Sci-Fi Short Film: “A Stitch In Time” presented by DUST

I can’t help thinking that the description of this “short” film is a misnomer – it’s a lot longer than it needs to be! But there’s a lot more hidden in the title!

There’s a dreadful 2 minutes or so where the lead character fumbles in near dark conditions trying to find his intruder (I suspect I’m not alone in suspecting right from the outset who the intruder turns out to be), but then we come to the thread which holds it together…

Or does it need unraveling? There’s a dreadful hole in this plot…

Wait for it…

I’ll get the initial annoyances out the way first.

The plot in Stitch in Time is highly predictable. And it’s painstakingly slow! I was nearly in tears in the absence of a 2x play speed button (and brightness turned to the max. – why does ‘suspense’ always need to happen in the dark?)

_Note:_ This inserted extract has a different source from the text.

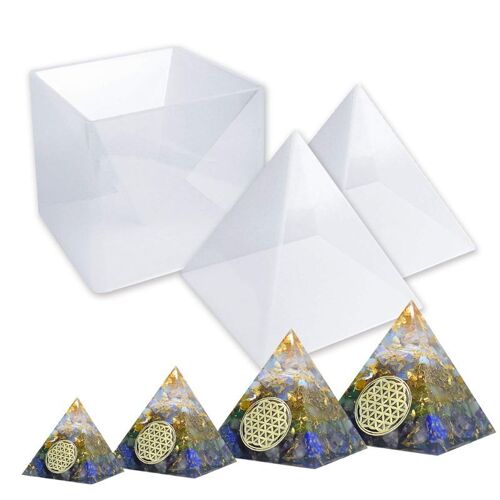 Grands Moules De Résine Moules De Pyramide De Résine De Let's, Moules De Silicone De Résine Pour La Pyramide D'orgonite D'orgonite De Bricolage, Bijoux D'orgonite, Grands Pour P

There’s no suspense; it’s an old and classic plot line, and we’re treated like idiots because we’re directed early on to look at the times shown on the lounge clock – five past six when he discovers the mess in the lounge; it’s 6 o’clock ‘later’ when he’s walked through the hole. No mystery.

Prepare to meet thy…self

However, he seems to need a conveniently placed time travel book to realise that he’s gone back in time. What would have happened if he’d been reading another book? Would he have encountered a simian takeover if he’d have picked up Planet of the Apes? (OK, I’ll grant you. That has a time travel element to it!)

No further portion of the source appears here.